Forex trading headlines from the European morning session 8 April
News:
- BOJ’s Kuroda sees no need to ease now judging from current economy
- BOJ’s Kuroda says recovery continuing even with sales tax hike
- BOJ’s Kuroda sees CPI around 1% for some time
- QE would be appropriate for euro area says Italy’s Padoan
- Growth deteriorating in emerging market economies says OECD
- Euro region not out of the woods yet says Schaeuble
- Outlook for German growth is positive says Schaeuble
- G20 communique to address problems in emerging economies
- UK’s Hague says they are “gravely concerned” by pro-Russian protester seizure of govt buildings
- Ukraine says 70 “separatists” arrested in Kharkiv
- Bank of France sees Q1 GDP growth at +0.2% q/q
Data:
- February UK industrial production 0.9% vs 0.3% exp m/m
- French trade deficit Feb EUR -3.4 bln vs -5.7 bln prev
- Swiss retail sales Feb y/y +1.0% vs -0.1% prev
- Swiss unemployment rate March unadj 3.3% vs 3.3% exp
- Japan economy watchers survey March 57.9 vs 53.0 prev
- Nikkei closes down 1.36% at 14,606.88
- Shanghai Composite Index closes up 1.92% at 2098.28
In a session that started off resigned to trading in ranges we’ve seen a combination of factors accelerate the USD selling.
First up was the falling Nikkei then suggestions again from BOJ’s Kuroda that he was in no rush to ease further and USDJPY was chewing through the bids at 102.75 to then test the next layer at 102.50. A further drop in Nikkei futures has been keeping the pair pinned to the lows.

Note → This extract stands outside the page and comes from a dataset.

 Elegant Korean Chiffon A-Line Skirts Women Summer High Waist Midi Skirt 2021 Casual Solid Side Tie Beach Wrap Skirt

EURUSD was edging higher to 1.3750 then popped through triggering stops to 1.3765 before GBPUSD then played catch-up and indeed overtook when it took out strong offers at 1.6650 and 1.6685 after stronger UK production data. High so far of 1.6717 driving EURGBP down to support around 0.8235 from 0.8265.

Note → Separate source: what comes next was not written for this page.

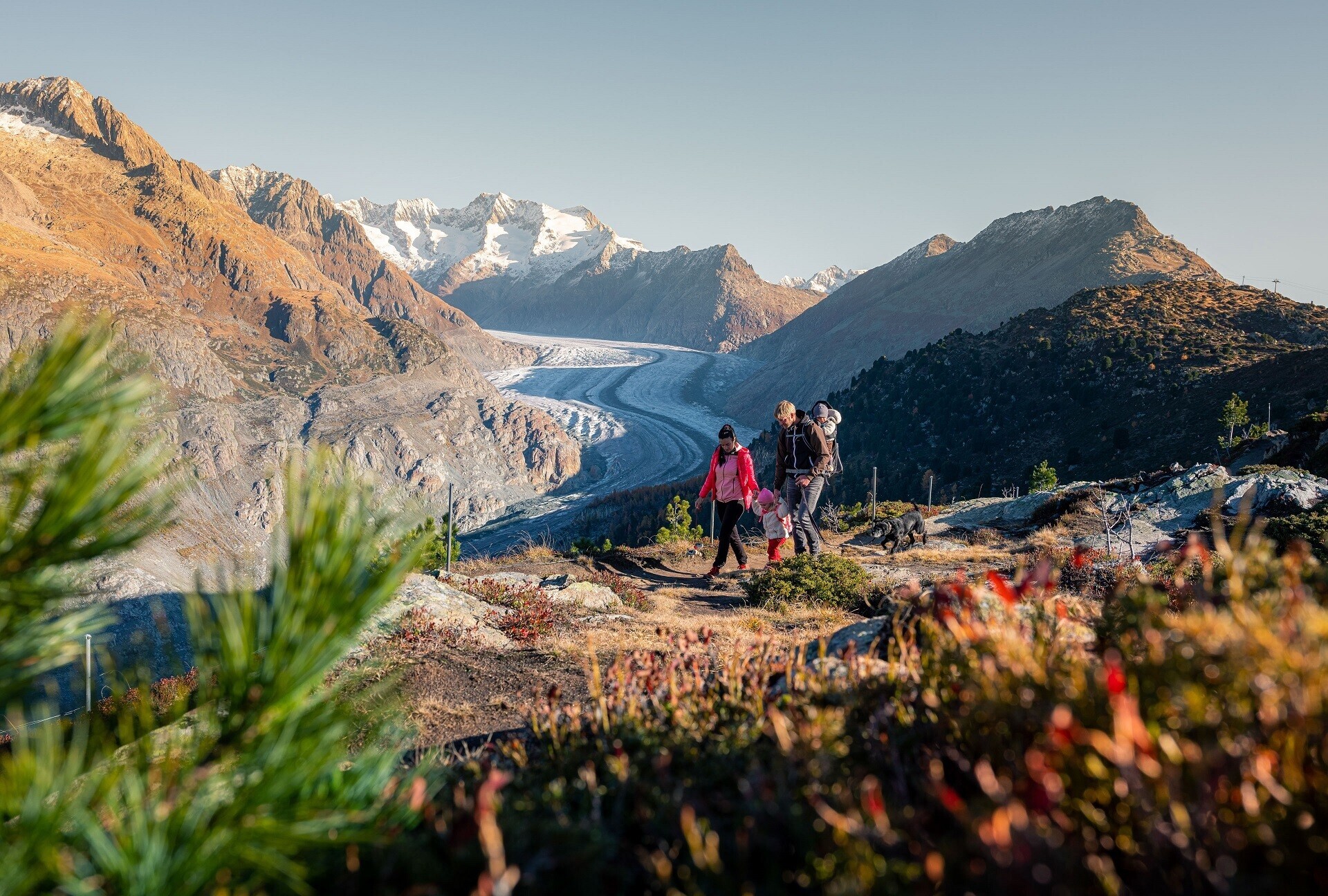Randonnée d'automne famille été aletsch arena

USDCHF was soon through support at 0.8870 and tested the next layer at 0.8850 before holding up but EURCH has been pinned around 1.2195.

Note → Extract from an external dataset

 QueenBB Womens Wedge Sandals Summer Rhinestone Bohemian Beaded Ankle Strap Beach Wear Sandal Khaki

AUDUSD and NZDUSD were meanwhile having their own rally with the former taking out the strong offers at 0.9310 triggering stops to 0.9228 initially before a further attack on the offers at 0.9350, but failing at 0.9341 and drifting back to 0.9321 as I type. NZDUSD similarly took out offers at 0.8650 to reach 0.8681 but has retreated to 0.8265 currently.
The loonie marches ever on taking out its second key level in as many days with 1.0950 popping to send USDCAD down to 1.0925 in a hurry where its wiped its feet since posting 1.0920 lows.
The danger of ranging markets is that the stops get bigger and therefore exacerbate the breakout and that, essentially, is what we’ve seen this morning. But there’s little sign of any retreat just yet.